Stored items
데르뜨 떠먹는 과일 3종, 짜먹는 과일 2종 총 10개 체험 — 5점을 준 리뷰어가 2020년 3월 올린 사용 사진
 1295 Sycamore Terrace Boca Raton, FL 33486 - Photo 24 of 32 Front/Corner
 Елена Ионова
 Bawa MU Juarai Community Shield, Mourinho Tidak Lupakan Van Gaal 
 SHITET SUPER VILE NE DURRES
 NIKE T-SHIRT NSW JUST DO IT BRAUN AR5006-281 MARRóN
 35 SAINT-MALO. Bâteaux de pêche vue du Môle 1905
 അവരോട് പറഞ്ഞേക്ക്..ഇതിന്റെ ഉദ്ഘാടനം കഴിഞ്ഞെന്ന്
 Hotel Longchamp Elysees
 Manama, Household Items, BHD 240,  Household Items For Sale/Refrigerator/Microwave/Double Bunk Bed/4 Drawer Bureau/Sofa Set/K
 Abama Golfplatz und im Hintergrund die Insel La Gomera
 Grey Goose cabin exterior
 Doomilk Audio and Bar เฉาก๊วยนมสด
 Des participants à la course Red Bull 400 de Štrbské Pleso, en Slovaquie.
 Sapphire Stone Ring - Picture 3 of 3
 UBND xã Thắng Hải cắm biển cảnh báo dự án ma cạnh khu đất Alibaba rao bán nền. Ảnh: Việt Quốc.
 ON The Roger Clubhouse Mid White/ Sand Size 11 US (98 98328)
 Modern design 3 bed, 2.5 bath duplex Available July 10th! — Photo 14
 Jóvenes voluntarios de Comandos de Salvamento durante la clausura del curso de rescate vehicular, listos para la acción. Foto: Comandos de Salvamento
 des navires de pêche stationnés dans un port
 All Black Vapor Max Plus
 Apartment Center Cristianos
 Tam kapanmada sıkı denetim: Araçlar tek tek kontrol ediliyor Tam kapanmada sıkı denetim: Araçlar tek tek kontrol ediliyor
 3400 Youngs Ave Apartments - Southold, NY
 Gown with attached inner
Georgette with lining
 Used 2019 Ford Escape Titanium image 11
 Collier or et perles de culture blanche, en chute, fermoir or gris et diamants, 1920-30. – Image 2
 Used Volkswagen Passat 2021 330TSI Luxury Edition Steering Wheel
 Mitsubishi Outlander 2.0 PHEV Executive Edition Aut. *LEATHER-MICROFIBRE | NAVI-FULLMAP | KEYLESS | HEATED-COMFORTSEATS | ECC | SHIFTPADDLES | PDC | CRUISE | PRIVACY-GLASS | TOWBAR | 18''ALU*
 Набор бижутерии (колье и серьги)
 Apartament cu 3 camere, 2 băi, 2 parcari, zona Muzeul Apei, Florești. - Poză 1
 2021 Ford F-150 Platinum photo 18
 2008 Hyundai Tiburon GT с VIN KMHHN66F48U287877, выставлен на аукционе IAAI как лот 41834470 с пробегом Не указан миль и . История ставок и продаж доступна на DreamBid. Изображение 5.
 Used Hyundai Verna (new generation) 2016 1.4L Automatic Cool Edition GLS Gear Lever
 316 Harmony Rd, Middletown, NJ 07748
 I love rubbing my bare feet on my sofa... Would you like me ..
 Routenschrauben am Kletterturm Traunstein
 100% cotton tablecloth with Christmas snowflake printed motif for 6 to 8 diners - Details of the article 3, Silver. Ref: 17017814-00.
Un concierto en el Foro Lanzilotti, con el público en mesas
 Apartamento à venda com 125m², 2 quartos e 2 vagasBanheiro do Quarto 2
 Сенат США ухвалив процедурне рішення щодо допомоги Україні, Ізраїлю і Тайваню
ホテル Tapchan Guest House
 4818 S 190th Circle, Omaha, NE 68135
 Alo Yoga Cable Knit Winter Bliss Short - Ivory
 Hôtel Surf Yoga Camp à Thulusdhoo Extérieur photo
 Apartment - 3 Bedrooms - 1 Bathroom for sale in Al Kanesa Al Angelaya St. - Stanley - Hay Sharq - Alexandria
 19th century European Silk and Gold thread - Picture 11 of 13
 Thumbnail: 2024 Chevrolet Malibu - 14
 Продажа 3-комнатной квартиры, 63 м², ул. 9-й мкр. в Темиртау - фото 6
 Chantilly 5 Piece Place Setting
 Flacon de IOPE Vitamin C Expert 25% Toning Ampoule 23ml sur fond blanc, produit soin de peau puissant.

- **What you need to do**
In the entries above, find the line with "Collier or et" and the line with "2021 Ford F-150 Platinum photo 18", then restate word for word both of them and every line between, with nothing more.

- **Output of the exercise**
 Collier or et perles de culture blanche, en chute, fermoir or gris et diamants, 1920-30. – Image 2
 Used Volkswagen Passat 2021 330TSI Luxury Edition Steering Wheel
 Mitsubishi Outlander 2.0 PHEV Executive Edition Aut. *LEATHER-MICROFIBRE | NAVI-FULLMAP | KEYLESS | HEATED-COMFORTSEATS | ECC | SHIFTPADDLES | PDC | CRUISE | PRIVACY-GLASS | TOWBAR | 18''ALU*
 Набор бижутерии (колье и серьги)
 Apartament cu 3 camere, 2 băi, 2 parcari, zona Muzeul Apei, Florești. - Poză 1
 2021 Ford F-150 Platinum photo 18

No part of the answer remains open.